Government is a reliable resource for Canadian manufacturers that depend on exports
When Kari Yuers’ father sought out new export opportunities in the 1970s and ’80s, he began by buying a one-way ticket to a far-flung destination. Once there, he pounded the pavement for as long as it took to make a deal.
“He didn’t buy a return flight until he’d sold something,” said Yuers, chief executive officer of the family business, Kryton International. The company makes a concrete waterproofing product out of its facility in southeast Vancouver.
Ron Yuers’ first stop was always the local office for Canada’s Department of Foreign Affairs, Trade and Development(DFATD), where he would get information about the local market.
“If he was really good, he would get them to lend him their car so that he could show up with the fancy car with the [Canadian] flags on the front of it, so he looked really important,” Yuers said.
While in-person meetings are still important, much more of the legwork now gets done ahead of time, including market research and initial contacts with potential clients. Kryton now does business in the Middle East, Asia, Europe and the United States.
One thing that hasn’t changed? Savvy exporters know to make full use of the Canadian government resources available.
“The DFATD offices are all over, and [we] would try to make connections with certain DFATD officers and get them to help [us] understand or evaluate the area and the opportunities, and then make connections,” Yuers said, speaking of the company’s successful attempt to break into the Middle East construction market in the early 2000s.
For most Canadian manufacturers, whether small, medium or large, exporting isn’t an option, it’s a must, said MarcusEwert-Johns, vice-president of the B.C. chapter of the Canadian Manufacturers and Exporters (CME) association.
“Given the size of the Canadian economy, given the size of the provincial economy, you have to export,” Ewert-Johns said. “It’s the only way to make money.”
But many businesses are still unaware of the government help available. It’s a problem identified by the Canadian Chamber of Commerce. The business advocacy organization recently released a report calling on the government to increase its diplomatic presence abroad and co-ordinate export services, which are currently spread across several different government departments and not well advertised.
The chamber warns that if Canada doesn’t work to build what it says is a weak international brand, the country won’t be able to take full advantage of recently signed trade agreements with Europe and Korea.
Government services can range from identifying the most likely companies to be open to a pitch – reducing the time a Canadian company needs to spend cold-calling – to troubleshooting a foreign government’s regulations, the best way to structure your company to operate in a country like China, or how to negotiate a conflict zone.

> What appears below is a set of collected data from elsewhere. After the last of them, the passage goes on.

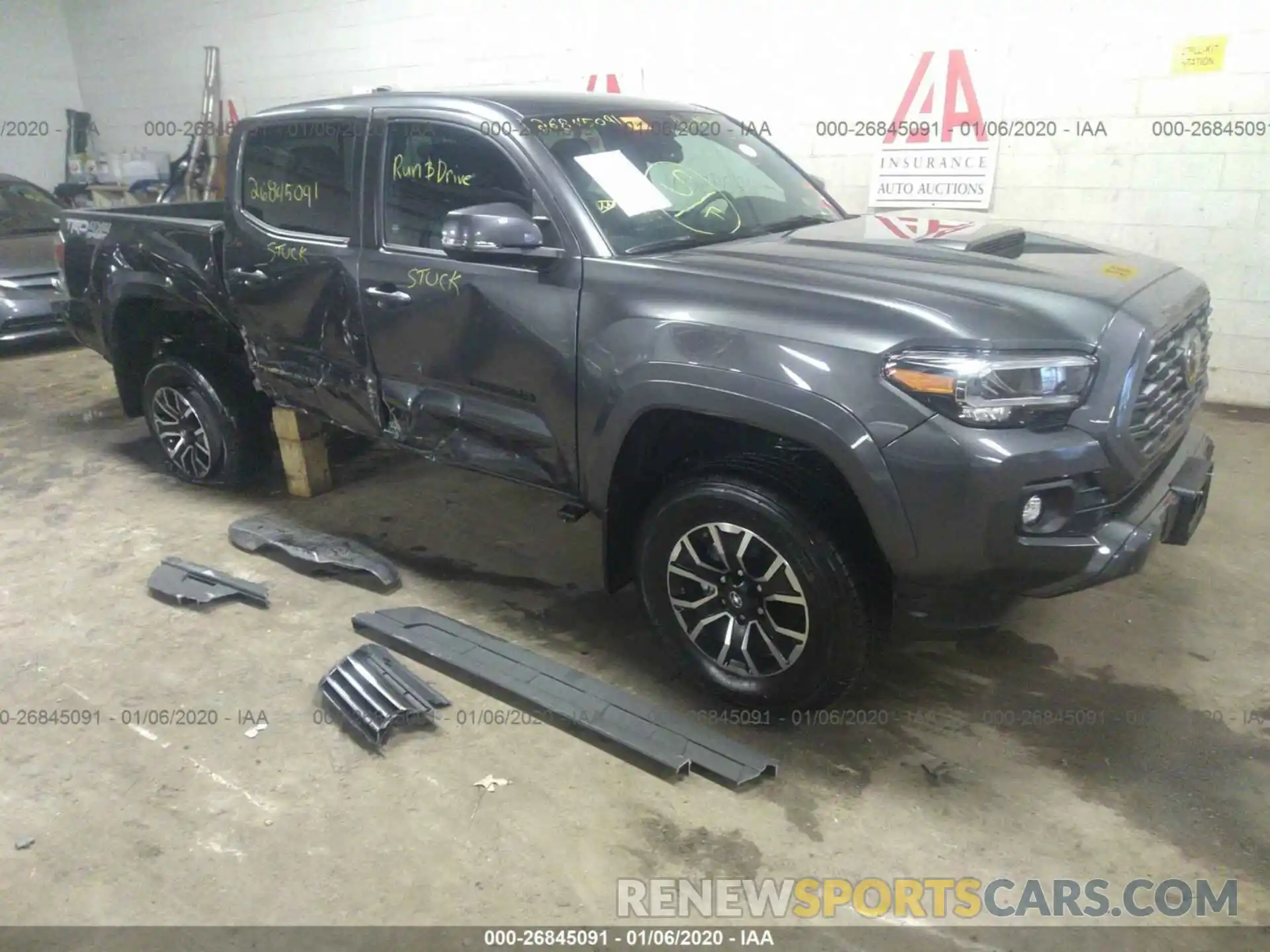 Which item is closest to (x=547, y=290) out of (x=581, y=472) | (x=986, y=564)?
(x=581, y=472)

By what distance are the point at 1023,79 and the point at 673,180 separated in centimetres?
345

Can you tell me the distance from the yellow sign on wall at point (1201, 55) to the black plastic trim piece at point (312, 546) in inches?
199

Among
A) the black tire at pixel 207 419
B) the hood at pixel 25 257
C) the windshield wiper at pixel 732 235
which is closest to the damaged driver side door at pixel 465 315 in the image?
the windshield wiper at pixel 732 235

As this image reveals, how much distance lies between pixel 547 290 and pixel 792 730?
5.09 ft

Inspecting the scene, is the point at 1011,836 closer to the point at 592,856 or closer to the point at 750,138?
the point at 592,856

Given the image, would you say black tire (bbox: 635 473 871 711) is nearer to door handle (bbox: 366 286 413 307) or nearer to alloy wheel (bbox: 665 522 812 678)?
alloy wheel (bbox: 665 522 812 678)

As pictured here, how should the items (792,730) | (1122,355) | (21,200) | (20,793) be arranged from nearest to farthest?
(1122,355), (20,793), (792,730), (21,200)

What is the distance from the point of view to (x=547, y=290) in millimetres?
2758

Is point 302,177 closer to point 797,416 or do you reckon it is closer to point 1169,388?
point 797,416

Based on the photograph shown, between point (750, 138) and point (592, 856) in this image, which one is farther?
point (750, 138)

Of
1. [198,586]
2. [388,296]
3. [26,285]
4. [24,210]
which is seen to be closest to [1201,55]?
[388,296]

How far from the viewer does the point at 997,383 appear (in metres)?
2.11

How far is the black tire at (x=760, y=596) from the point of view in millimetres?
2412

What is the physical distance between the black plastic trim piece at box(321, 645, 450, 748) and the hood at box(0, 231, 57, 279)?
5975mm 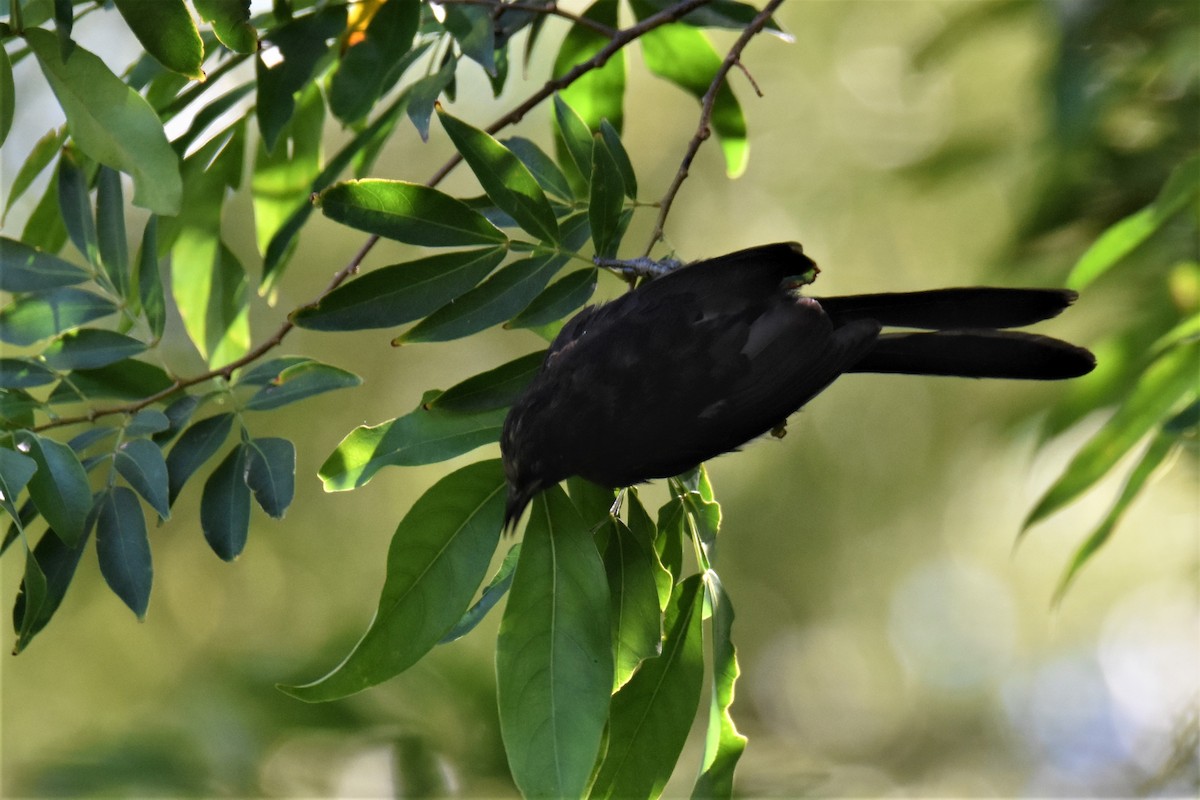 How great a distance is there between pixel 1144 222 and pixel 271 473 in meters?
1.83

“You want to have these government guys on your side in a lot of these markets because the stature of government is critical in a lot of these countries,” Ewert-Johns said.
The federal government has now started a program to place trade commissioners in 25 industry associations across the country in order to better connect business with export opportunities. Trade commissioner Carl St-Laurent will be stationed in the CME’s office for the next three years, Ewert-Johns said.